- Exercise directions: Set down, unchanged, the line holding "this 120×80 image." and all lines that follow it to the end of the material, leaving pictures out.

- Materials provided:

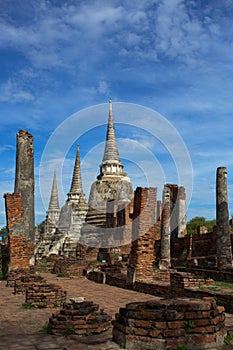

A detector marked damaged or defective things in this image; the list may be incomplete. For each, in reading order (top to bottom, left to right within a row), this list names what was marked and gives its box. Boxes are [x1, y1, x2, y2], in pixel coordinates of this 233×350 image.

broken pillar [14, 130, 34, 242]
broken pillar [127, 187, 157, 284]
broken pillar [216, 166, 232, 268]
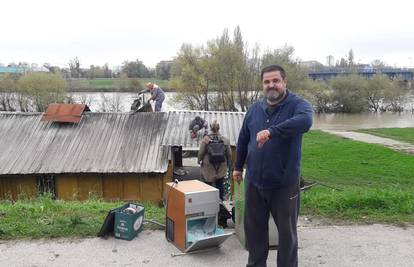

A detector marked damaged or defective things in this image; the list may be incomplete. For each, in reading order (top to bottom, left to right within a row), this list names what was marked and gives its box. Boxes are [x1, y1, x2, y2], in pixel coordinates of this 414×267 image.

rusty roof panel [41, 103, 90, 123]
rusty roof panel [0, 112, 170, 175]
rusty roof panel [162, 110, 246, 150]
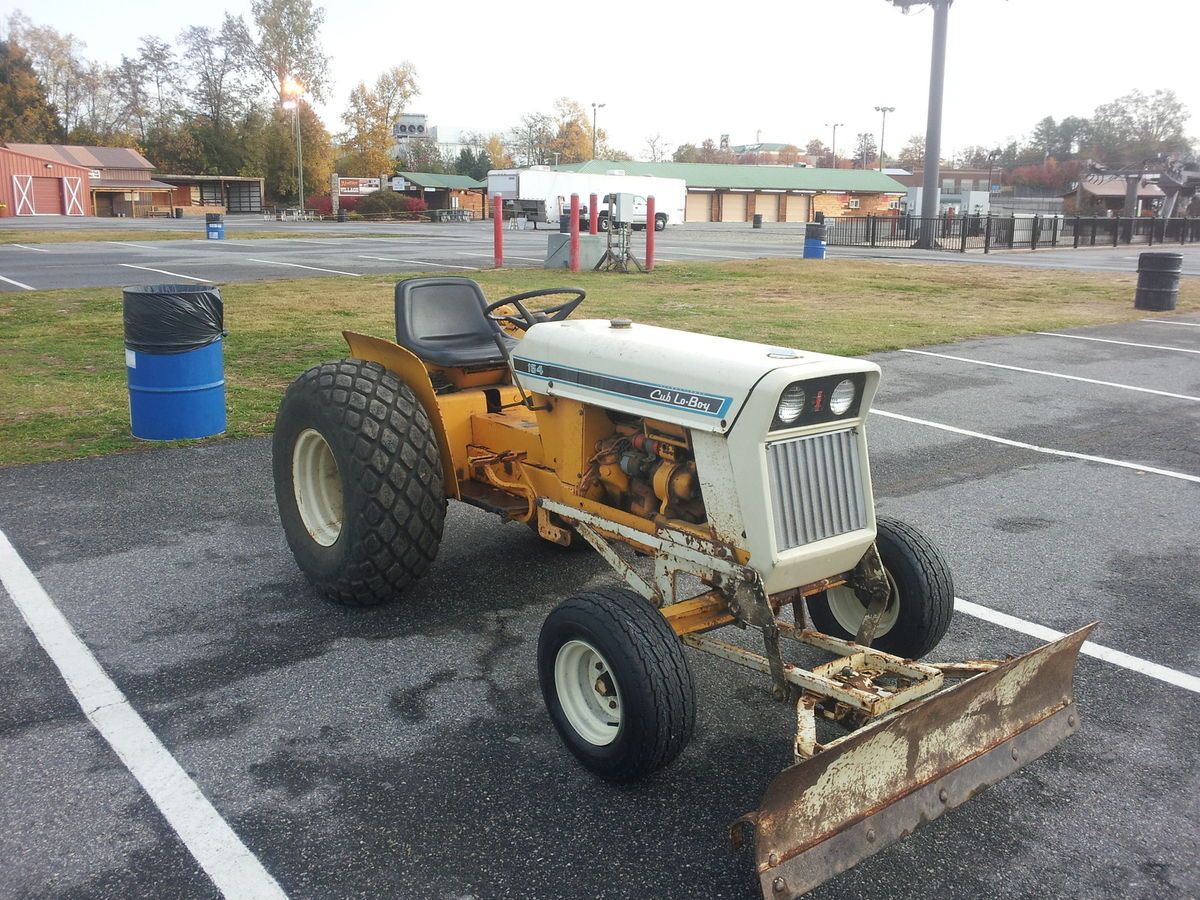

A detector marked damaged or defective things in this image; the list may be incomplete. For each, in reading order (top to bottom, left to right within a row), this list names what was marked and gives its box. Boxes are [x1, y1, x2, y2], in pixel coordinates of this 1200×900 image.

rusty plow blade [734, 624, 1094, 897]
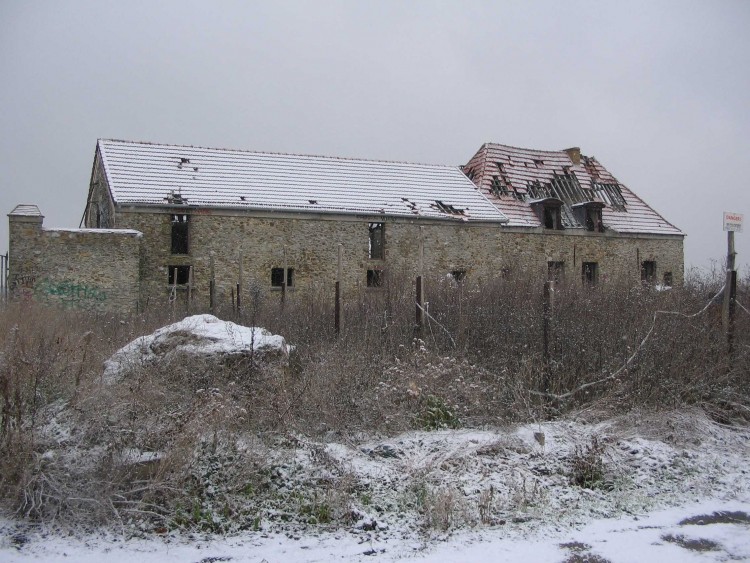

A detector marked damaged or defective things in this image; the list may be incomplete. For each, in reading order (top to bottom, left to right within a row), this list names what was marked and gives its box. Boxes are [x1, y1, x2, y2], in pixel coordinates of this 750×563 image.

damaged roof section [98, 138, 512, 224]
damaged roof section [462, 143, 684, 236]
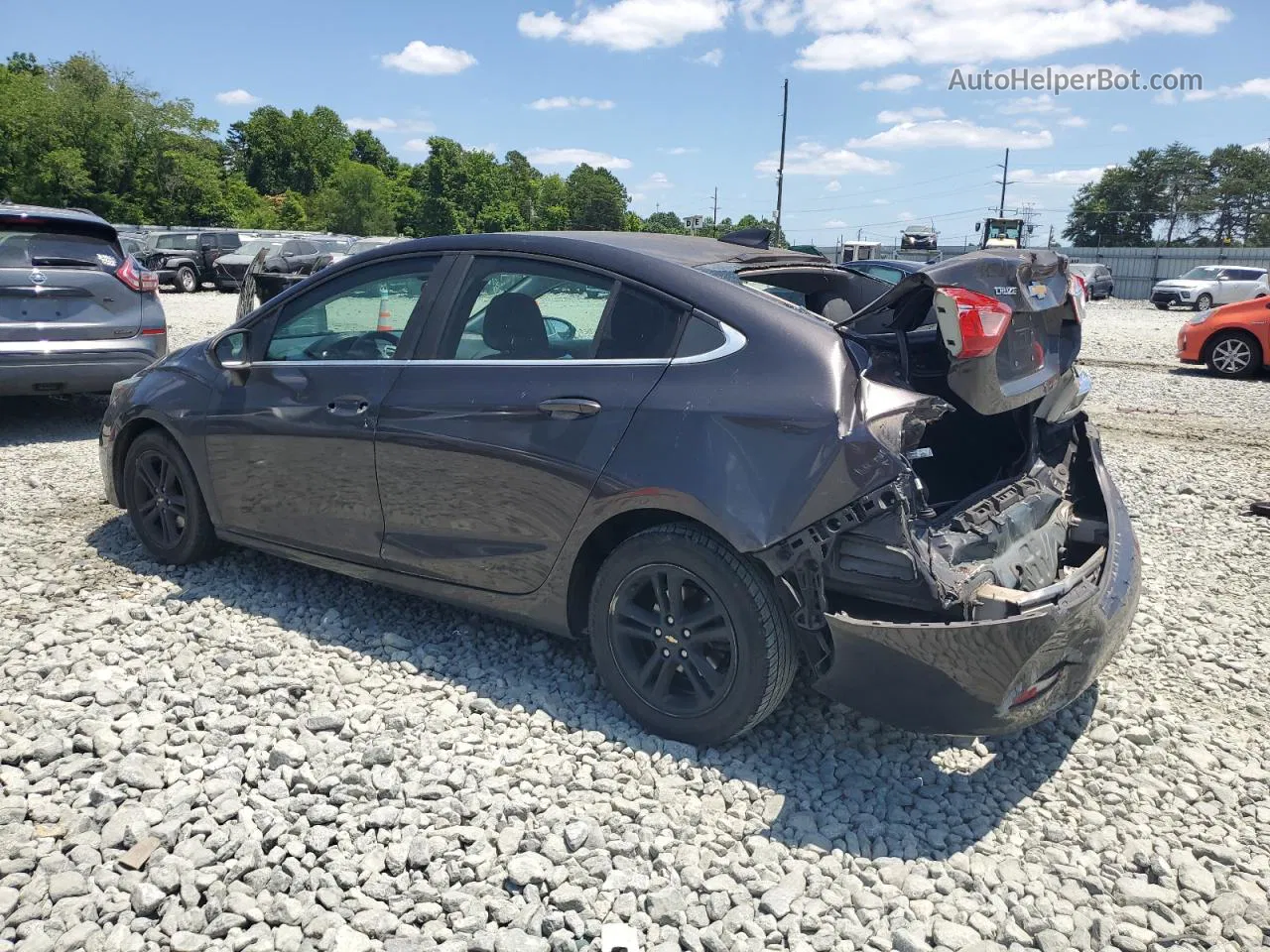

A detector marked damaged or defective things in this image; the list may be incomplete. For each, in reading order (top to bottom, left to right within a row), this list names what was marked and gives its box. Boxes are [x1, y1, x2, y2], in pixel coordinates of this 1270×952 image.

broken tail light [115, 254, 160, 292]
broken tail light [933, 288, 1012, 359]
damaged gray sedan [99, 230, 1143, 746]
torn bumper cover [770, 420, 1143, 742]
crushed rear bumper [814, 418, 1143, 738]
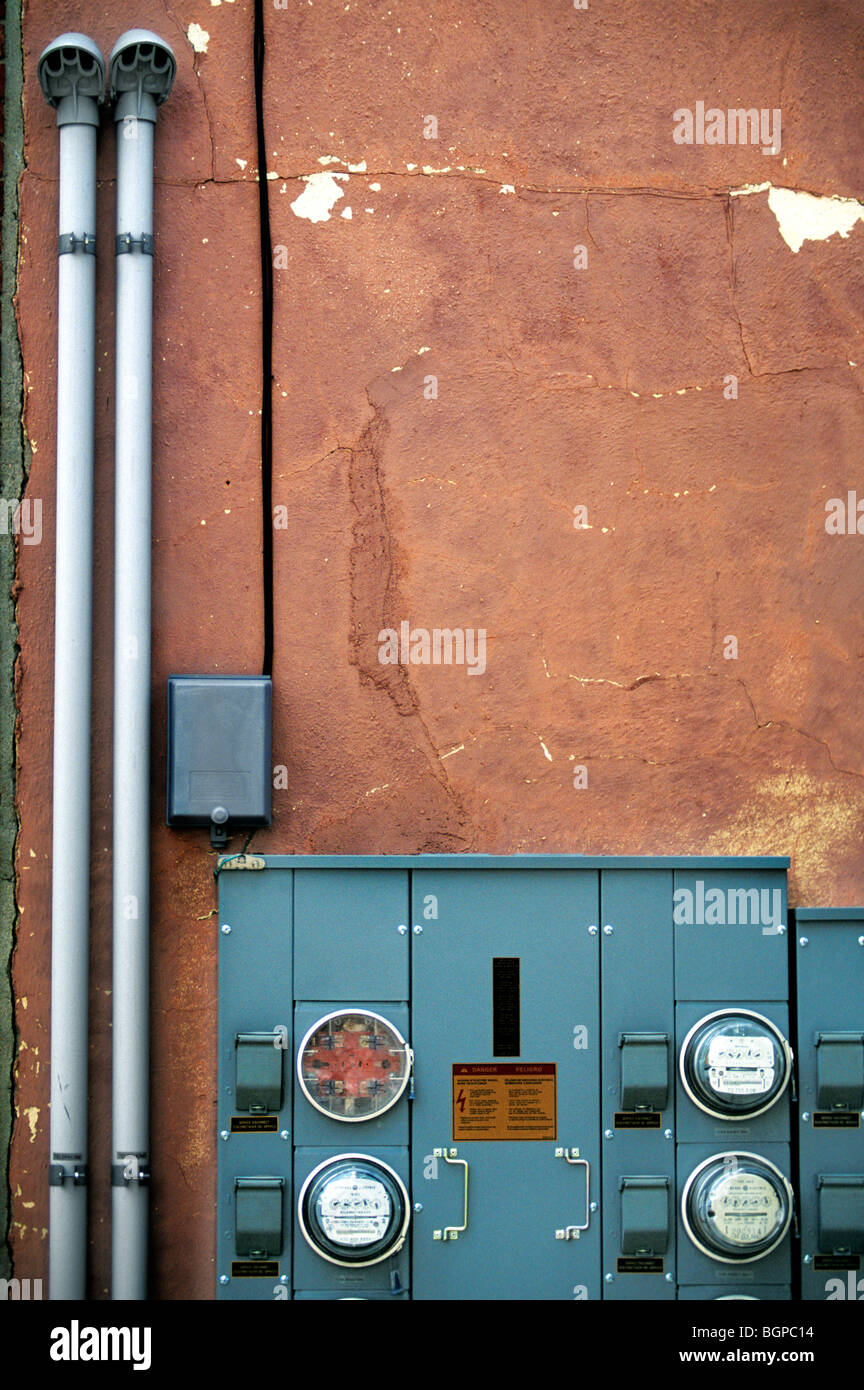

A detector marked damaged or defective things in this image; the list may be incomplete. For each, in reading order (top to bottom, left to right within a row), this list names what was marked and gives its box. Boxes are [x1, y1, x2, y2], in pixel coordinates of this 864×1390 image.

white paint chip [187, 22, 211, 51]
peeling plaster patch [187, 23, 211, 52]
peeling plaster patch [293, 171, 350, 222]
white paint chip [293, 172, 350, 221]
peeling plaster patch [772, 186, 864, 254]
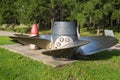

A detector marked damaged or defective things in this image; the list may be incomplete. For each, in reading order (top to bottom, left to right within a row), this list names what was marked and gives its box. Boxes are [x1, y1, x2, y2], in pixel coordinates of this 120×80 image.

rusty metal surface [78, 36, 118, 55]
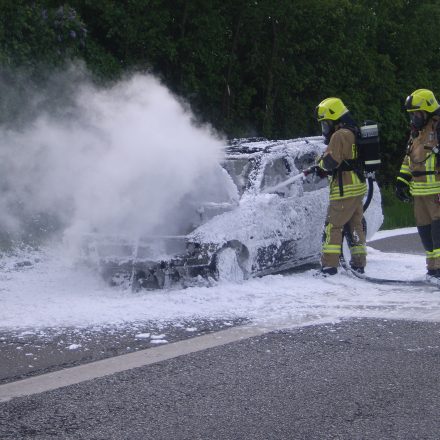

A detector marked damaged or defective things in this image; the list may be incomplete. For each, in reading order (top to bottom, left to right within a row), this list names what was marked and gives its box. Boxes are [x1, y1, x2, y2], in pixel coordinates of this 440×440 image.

- Solution for this problem:
A detector marked damaged or defective things in this image; the list may be incomplete. For each, in reading order (top to bottom, left to right within a row), this list names what was marked and gives its box. Boxes are [x1, y1, x2, y2], in pixel coordinates of this 120×80 image.

rusty metal surface [78, 36, 118, 55]

A detector marked damaged or defective things in this image; the list may be incomplete. For each, in reading order (top to bottom, left to right within a row), this list names what was marked and gives its box. Boxes are [x1, y1, x2, y2], in pixel coordinates of this 440×440 image.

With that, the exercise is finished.